But shortly after he had entered on his new duties an unexpected complication, at least for Mr. Duke, had arisen. The principal’s daughter, Sylvia, visiting her father in the office, had made the acquaintance of the well-mannered youth, and before Mr. Duke realised what was happening the two young people had fallen violently in love, with the result that Miss Duke presently announced to her horrified father that they were engaged. In vain the poor man protested. Miss Duke was a young lady who usually had her own way, and at last her father was compelled to make a virtue of necessity. He met the situation by giving the affair his blessing, and promising to take Harrington into partnership if and when he proved himself competent. In this Harrington had succeeded, and the wedding was fixed for the following month, the partnership commencing on the same date.
French questioned the young fellow as to his movements on the previous evening. It appeared that shortly after reaching his rooms on the conclusion of his day’s work in the office, he had received a telephone message from Miss Duke saying that her father had just called up to say he was detained in town for dinner, and, being alone, she wished he would go out to Hampstead and dine with her. Such an invitation from such a source was in the nature of a command to be ecstatically obeyed, and he had reached the Dukes’ house before seven o’clock. But he had been somewhat disappointed as to his evening. Miss Duke was going out after dinner; she intended visiting a girls’ club in Whitechapel, run by a friend of hers, a Miss Amy Lestrange. Harrington had accompanied her to the East End, but she would not allow him to go in with her to the club. He had, however, returned later and taken her home, after which he had gone straight to his rooms.

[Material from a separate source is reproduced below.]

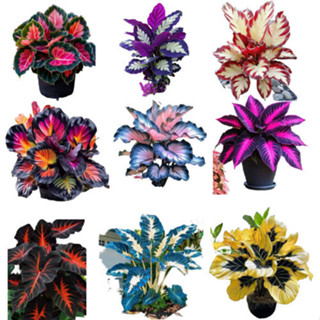 ENVIO SUPER RÁPIDO caladium mix 100 sementes com manual de cultivo II T1 em Oferta na Shopee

Skilful interrogation by French had obtained the above information, and now he sat turning it over in his mind. The story hung together, and, if true, there could be no doubt of Harrington’s innocence. But French was puzzled by the young man’s manner. He could have sworn that there was something. Either the tale was not true, or it was not all true, or there was more which had not been told. He determined that unless he got a strong lead elsewhere, Mr. Harrington’s movements on the previous night must be looked into and his statements put to the test.
But there was no need to let the man know he was suspected, and dismissing him with a few pleasant words, French joined Mr. Duke in the outer office.
“Now, sir, if you are ready we shall go round to your bank about the key.”
They soon obtained the required information. The manager, who had read of the robbery in his morning paper, was interested in the matter, and went into it personally. Not only was the key there in its accustomed place, but it had never been touched since Mr. Duke left it in.
“A thousand pounds in notes was also stolen,” French went on. “Is there any chance that you have the numbers?”
“Your teller might remember the transaction,” Mr. Duke broke in eagerly. “I personally cashed a cheque for £1000 on the Tuesday, the day before the murder. I got sixteen fifties and the balance in tens. I was hoping to carry off a little deal in diamonds with a Portuguese merchant whom I expected to call on me. I put the money in my safe as I received it from you, and the merchant not turning up, I did not look at it again.”
“We can but inquire,” the manager said doubtfully. “It is probable we have a note of the fifties, but unlikely in the case of the tens.”
But it chanced that the teller had taken the precaution to record the numbers of all the notes. These were given to French, who asked the manager to advise the Yard if any were discovered.
“That’s satisfactory about the notes,” French commented when Mr. Duke and he had reached the street. “But you see what the key being there means? It means that the copy was made from the key which you carry. Some one must therefore have had it in his possession long enough to take a mould of it in wax. This, of course, is a very rapid operation; a couple of seconds would do the whole thing. A skilful man would hold the wax in the palm of his hand, ‘palmed’ as the conjurers call it, and the key could be pressed into it in so natural a way that no unsuspecting person would be any the wiser. Now I want you to think again very carefully. If no one but Mr. Gething handled the key, he must have taken the impression. There is no other way out. I would like you, then, to be sure that no one else ever did get his hands upon it, even for a moment. You see my point?”
“Of course I see it,” Mr. Duke returned a trifle testily, “but, unanswerable as it seems, I don’t believe Gething ever did anything of the kind. It would seem the likely thing to you, Inspector, because you didn’t know the man. But I’ve known him too long to doubt him. Some one else must have got hold of the key, but I confess I can’t imagine who.”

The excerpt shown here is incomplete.